Mime is where Legacy Systems go to die

Your new system went live. Migration of current, active data went well. A decision was made not to move historic data and keep the old system around in "read-only" mode, just in case some information needs to be looked up. Over time your zoo of legacy systems grows. I'll outline a way to put them to rest.

The challenges

All recent systems (that's younger than 30 years) data is stored more or less normalized. A business document, like a contract, is split over multiple tables like customer, address, header, line items, item details, product etc.

Dumping this data as is (csv rules supreme here) only creates a data graveyard instead of the much coveted data lake or data warehouse.

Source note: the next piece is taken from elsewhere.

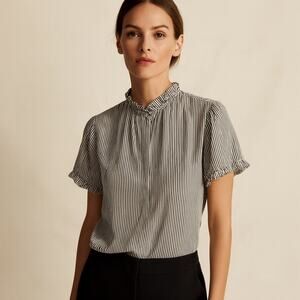 New with Tags T Tahari Black White Striped Button Down Ruffle Blouse S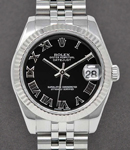 Mid Size Datejust 31mm in Steel with Fluted Bezel on Bracelet with Black Roman Dial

The issue gets aggravated by the prevalence of magic numbers and abbreviations that are only resolved inside the legacy system. So looking at one piece of data tells you squid. Only an old hand would be able to make sense of Status 82 or Flags x7D3z

Access to meaningful information is confined to the user interface of the legacy application. It provides search and assembly of business relevant context

The solution approach

Solving this puzzle requires a three step approach:

denormalize
transform
make accessible

Denormalize

The persistence format needs to be something that is closer to a document structure. The formats suitable would be XML, JSON or YAML. Probably owing to my age I would make a case for XML. I would argue that <Status id="42">Universe questions answered</Status> is way more readable than JSON when you try to link the magic number 42 to its business meaning Universe questions answered.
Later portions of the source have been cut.